What needs to be done to get my self hosted safetensors to work? Can I help in any way?
We just need the safetensors support from diffusers… shouldn’t need any more changes in docker-diffusers-api (which can already download the necessary files) and it should “just work” as soon they have the support their side and I bump the version.

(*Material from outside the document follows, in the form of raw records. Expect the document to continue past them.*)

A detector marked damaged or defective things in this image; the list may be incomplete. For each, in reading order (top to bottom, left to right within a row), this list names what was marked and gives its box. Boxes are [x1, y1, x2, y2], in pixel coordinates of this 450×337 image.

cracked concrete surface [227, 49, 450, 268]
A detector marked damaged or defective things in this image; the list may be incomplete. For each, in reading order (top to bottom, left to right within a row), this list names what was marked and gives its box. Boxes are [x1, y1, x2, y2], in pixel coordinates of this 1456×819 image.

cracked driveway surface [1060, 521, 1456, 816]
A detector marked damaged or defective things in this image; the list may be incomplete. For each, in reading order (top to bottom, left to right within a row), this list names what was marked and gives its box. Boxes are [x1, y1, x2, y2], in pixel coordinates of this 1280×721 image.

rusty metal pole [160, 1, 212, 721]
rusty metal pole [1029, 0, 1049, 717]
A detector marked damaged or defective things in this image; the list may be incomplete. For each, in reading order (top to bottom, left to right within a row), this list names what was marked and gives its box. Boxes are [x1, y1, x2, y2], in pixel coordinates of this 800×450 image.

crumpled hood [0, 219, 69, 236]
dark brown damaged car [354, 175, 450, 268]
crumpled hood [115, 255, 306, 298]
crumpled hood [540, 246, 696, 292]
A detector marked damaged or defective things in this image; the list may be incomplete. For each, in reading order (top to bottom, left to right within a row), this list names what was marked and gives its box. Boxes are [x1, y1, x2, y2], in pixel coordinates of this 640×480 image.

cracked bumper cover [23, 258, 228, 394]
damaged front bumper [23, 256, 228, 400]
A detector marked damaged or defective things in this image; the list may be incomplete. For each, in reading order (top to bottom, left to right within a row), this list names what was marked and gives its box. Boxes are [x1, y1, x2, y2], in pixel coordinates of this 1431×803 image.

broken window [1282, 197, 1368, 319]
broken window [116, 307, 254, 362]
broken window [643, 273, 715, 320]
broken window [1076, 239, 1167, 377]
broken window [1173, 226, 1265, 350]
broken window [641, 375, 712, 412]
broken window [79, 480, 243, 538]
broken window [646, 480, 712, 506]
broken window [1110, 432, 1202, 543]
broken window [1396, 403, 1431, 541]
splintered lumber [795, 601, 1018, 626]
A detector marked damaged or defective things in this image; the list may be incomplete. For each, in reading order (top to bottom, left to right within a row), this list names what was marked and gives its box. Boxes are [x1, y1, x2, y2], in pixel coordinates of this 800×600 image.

The PR I linked to previously has the code done, has been approved, but I think is still waiting for final feedback from the team before they merge it. But it looks pretty close, I guess we’re a few days away, give or take
I was wrong about the above
Well, actually, it depends.
-
:dev
release has latest diffusers, with the safetensors support, and a workaround for the regression to load non-safetensors files, BUT: -
I couldn’t get it to work with LoRA’s from CivitAI
It seems there are a few different formats LoRA can be in (even in safetensors), and diffusers can’t load it. There are some issues open for this but the direction isn’t clear yet, at least that I could see.
-
However, I recall your LoRA was trained on a colab somewhere… so it’s possible it might work. Depending on the format. Don’t get your hopes up but its worth a shot.
Important note: it will load as safetensors only if the filename in the URL includes ".safetensors"
, otherwise you should specify callInput { "attn_procs_from_safetensors": True }
to force safetensor loading for other filenames.